What the exercise asks ▸ Copy the lines below verbatim. Begin with the first and end with the line containing "Hidden Label Jasmine".
--- Supplied data Enclosed Below ---
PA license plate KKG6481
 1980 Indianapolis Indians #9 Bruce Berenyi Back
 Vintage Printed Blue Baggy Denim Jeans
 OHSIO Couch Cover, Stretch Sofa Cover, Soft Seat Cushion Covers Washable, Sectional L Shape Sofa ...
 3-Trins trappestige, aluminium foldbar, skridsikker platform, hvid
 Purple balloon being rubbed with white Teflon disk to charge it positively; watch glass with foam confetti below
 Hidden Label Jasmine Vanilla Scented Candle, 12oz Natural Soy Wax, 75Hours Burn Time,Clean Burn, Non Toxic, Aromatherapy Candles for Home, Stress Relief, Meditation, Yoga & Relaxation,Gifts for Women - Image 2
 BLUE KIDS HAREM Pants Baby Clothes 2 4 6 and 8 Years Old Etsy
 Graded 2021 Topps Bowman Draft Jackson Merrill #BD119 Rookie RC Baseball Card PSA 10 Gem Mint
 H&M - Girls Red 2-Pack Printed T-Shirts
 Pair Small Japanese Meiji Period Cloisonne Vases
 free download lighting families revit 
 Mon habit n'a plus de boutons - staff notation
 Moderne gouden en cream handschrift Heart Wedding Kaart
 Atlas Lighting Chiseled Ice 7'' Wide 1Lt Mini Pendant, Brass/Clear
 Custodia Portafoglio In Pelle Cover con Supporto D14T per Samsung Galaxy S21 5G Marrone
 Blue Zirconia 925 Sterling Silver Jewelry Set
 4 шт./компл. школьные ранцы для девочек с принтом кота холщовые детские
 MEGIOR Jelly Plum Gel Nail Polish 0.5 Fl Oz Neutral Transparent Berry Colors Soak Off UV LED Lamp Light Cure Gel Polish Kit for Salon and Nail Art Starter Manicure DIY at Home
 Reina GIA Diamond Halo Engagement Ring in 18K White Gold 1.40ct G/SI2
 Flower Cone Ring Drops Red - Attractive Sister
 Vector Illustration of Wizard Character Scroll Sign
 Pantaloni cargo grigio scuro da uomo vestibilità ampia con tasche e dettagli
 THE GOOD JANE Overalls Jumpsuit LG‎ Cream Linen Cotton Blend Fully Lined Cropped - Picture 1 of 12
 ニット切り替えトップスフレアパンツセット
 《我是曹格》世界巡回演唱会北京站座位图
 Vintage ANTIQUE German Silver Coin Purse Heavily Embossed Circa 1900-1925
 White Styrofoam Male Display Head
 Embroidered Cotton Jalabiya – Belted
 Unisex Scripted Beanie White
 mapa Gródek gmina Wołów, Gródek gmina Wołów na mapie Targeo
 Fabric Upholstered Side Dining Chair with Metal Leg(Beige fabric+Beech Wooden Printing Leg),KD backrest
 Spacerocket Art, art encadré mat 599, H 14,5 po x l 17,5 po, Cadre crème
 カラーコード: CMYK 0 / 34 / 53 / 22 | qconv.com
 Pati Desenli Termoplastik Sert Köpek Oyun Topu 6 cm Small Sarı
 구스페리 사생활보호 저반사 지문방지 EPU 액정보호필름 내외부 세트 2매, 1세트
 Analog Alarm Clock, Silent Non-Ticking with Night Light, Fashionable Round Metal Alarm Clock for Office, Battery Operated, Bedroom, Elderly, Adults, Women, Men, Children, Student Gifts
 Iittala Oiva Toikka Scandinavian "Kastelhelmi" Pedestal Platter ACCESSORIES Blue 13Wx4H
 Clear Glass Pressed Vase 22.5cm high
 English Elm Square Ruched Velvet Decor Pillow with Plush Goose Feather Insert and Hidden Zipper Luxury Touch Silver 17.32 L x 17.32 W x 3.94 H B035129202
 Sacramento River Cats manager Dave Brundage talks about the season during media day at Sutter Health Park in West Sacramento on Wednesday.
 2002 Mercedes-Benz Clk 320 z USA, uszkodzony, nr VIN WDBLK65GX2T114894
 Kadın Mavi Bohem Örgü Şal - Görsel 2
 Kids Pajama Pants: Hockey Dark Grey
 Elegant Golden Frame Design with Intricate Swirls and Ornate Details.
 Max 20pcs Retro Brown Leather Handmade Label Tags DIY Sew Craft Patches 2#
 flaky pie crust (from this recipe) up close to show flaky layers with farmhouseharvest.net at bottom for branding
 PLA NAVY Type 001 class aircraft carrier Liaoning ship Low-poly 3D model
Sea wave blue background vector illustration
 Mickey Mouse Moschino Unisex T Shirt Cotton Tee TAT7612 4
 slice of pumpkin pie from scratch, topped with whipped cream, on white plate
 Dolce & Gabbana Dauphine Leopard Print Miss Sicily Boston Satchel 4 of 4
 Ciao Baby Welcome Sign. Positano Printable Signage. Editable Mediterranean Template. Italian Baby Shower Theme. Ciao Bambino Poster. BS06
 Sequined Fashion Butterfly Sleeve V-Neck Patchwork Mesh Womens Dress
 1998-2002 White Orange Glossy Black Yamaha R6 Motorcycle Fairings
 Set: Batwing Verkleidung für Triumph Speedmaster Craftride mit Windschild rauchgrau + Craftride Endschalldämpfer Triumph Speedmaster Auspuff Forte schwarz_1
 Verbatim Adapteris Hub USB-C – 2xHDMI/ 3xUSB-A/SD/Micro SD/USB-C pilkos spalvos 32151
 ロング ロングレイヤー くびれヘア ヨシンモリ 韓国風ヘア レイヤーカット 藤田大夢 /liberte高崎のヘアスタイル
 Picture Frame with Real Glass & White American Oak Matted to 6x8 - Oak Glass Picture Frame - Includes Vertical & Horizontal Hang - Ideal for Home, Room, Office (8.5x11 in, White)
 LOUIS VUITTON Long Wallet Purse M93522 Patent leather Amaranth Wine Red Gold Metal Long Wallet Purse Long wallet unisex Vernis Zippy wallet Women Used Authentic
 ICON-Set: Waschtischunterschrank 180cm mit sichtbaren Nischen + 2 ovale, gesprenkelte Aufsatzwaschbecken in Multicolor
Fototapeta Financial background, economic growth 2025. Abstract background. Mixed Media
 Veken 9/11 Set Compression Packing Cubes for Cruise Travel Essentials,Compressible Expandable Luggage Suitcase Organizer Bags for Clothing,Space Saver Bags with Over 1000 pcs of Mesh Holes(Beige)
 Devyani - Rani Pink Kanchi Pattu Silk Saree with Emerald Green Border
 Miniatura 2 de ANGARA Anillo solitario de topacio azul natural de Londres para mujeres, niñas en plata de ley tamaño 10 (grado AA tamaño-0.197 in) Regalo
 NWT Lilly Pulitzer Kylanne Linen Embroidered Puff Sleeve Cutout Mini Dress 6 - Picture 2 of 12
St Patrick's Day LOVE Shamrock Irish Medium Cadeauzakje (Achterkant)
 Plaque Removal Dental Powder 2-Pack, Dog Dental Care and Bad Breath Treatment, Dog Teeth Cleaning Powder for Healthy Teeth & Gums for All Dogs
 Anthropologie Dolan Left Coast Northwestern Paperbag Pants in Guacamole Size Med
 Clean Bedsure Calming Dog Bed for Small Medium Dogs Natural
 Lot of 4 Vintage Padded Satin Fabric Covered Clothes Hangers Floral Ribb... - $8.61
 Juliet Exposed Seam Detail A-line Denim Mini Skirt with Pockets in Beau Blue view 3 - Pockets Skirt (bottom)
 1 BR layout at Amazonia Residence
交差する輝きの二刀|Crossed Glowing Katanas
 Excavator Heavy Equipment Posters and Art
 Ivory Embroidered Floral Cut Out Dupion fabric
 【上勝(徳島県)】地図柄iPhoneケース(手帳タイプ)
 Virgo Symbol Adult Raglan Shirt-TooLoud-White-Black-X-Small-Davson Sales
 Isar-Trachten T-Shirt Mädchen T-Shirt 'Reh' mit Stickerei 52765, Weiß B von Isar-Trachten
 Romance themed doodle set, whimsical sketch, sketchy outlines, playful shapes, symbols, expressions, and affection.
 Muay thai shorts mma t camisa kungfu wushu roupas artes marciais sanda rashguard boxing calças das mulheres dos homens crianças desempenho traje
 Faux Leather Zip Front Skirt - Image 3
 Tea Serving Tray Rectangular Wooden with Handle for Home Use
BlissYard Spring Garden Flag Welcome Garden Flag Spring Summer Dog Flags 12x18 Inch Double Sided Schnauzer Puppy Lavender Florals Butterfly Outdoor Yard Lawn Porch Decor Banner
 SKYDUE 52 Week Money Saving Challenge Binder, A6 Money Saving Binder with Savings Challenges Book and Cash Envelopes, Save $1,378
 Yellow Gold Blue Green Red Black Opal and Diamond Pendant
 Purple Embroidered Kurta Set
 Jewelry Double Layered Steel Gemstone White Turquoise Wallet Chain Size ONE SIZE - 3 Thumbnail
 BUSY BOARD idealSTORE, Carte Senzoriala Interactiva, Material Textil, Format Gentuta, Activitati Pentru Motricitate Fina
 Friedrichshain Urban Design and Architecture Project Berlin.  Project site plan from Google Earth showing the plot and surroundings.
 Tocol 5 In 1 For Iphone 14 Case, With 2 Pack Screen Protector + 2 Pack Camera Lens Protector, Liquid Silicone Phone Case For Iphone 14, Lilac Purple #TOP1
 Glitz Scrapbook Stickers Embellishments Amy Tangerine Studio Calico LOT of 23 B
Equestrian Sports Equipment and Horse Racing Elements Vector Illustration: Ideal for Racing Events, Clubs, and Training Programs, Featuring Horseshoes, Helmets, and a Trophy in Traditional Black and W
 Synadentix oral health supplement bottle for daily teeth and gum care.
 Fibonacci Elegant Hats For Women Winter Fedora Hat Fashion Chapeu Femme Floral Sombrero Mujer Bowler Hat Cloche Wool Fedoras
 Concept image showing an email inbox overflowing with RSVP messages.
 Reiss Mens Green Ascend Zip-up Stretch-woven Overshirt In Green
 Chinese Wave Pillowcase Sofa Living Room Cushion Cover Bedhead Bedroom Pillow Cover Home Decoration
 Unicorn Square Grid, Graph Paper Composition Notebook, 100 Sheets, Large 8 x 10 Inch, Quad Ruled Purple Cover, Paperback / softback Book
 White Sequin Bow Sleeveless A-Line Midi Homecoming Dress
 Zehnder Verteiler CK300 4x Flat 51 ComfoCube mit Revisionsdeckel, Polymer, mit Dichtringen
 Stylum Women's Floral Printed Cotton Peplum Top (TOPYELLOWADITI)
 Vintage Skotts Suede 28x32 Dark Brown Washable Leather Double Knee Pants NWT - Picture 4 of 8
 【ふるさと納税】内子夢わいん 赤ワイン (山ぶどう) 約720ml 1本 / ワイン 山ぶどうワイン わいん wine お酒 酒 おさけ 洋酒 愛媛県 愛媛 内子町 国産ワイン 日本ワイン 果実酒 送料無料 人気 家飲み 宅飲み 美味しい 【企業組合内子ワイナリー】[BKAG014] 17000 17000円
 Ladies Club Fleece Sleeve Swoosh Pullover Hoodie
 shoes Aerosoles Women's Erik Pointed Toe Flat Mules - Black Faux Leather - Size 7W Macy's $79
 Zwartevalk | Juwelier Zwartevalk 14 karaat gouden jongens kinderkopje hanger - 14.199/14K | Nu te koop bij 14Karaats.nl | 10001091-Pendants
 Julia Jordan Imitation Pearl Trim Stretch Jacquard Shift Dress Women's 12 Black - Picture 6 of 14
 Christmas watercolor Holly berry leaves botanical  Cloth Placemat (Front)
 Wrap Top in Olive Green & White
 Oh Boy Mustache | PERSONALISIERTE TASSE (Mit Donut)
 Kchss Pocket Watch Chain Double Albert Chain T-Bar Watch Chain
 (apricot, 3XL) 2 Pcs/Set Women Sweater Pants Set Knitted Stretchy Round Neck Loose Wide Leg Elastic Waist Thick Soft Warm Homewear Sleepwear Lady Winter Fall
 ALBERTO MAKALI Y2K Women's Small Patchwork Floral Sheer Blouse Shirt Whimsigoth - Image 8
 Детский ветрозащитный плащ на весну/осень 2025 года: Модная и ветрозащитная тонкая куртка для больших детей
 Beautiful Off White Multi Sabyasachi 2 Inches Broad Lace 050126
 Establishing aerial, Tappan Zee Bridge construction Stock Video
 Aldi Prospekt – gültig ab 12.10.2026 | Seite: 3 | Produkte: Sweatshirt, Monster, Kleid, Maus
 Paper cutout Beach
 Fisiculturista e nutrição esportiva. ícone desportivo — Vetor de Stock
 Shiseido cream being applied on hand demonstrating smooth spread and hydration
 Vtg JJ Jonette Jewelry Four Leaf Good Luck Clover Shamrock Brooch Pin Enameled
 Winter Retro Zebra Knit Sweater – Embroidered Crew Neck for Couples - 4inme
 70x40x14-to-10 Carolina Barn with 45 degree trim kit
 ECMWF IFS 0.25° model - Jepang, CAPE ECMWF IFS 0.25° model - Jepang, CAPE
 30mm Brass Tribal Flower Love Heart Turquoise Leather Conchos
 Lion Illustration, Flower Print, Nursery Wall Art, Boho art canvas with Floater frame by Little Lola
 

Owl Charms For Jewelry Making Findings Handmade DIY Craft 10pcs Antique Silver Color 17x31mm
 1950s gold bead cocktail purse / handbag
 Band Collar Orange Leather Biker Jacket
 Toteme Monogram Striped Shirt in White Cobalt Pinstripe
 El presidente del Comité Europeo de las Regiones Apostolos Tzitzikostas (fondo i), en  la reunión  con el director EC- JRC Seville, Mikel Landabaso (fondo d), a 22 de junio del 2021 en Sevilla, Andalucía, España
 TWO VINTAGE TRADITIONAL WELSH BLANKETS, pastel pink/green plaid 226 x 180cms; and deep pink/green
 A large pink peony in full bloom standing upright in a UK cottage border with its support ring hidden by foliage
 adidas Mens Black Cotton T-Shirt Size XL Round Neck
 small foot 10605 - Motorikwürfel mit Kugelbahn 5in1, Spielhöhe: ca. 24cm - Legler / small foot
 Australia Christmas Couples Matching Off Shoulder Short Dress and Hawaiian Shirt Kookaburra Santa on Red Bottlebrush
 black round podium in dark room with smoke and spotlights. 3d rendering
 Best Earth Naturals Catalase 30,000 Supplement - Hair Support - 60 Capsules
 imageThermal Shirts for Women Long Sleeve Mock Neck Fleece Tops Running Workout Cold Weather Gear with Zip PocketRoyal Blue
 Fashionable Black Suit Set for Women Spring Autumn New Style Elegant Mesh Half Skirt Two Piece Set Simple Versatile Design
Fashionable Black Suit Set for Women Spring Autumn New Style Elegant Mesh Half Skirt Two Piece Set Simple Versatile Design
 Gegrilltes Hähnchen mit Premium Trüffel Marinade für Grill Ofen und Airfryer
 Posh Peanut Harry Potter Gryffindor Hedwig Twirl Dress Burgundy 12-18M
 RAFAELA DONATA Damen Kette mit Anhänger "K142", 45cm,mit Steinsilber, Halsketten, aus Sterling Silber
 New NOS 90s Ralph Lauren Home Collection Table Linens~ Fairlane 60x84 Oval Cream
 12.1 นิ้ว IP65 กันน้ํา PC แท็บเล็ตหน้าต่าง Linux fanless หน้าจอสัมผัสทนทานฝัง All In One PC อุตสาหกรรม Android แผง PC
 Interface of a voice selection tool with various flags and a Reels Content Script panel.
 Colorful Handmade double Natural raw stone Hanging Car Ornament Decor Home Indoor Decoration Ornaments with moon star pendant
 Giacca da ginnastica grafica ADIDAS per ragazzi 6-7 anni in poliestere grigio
--- End of Enclosed Supplied data ---
Worked solution ▸
PA license plate KKG6481
 1980 Indianapolis Indians #9 Bruce Berenyi Back
 Vintage Printed Blue Baggy Denim Jeans
 OHSIO Couch Cover, Stretch Sofa Cover, Soft Seat Cushion Covers Washable, Sectional L Shape Sofa ...
 3-Trins trappestige, aluminium foldbar, skridsikker platform, hvid
 Purple balloon being rubbed with white Teflon disk to charge it positively; watch glass with foam confetti below
 Hidden Label Jasmine Vanilla Scented Candle, 12oz Natural Soy Wax, 75Hours Burn Time,Clean Burn, Non Toxic, Aromatherapy Candles for Home, Stress Relief, Meditation, Yoga & Relaxation,Gifts for Women - Image 2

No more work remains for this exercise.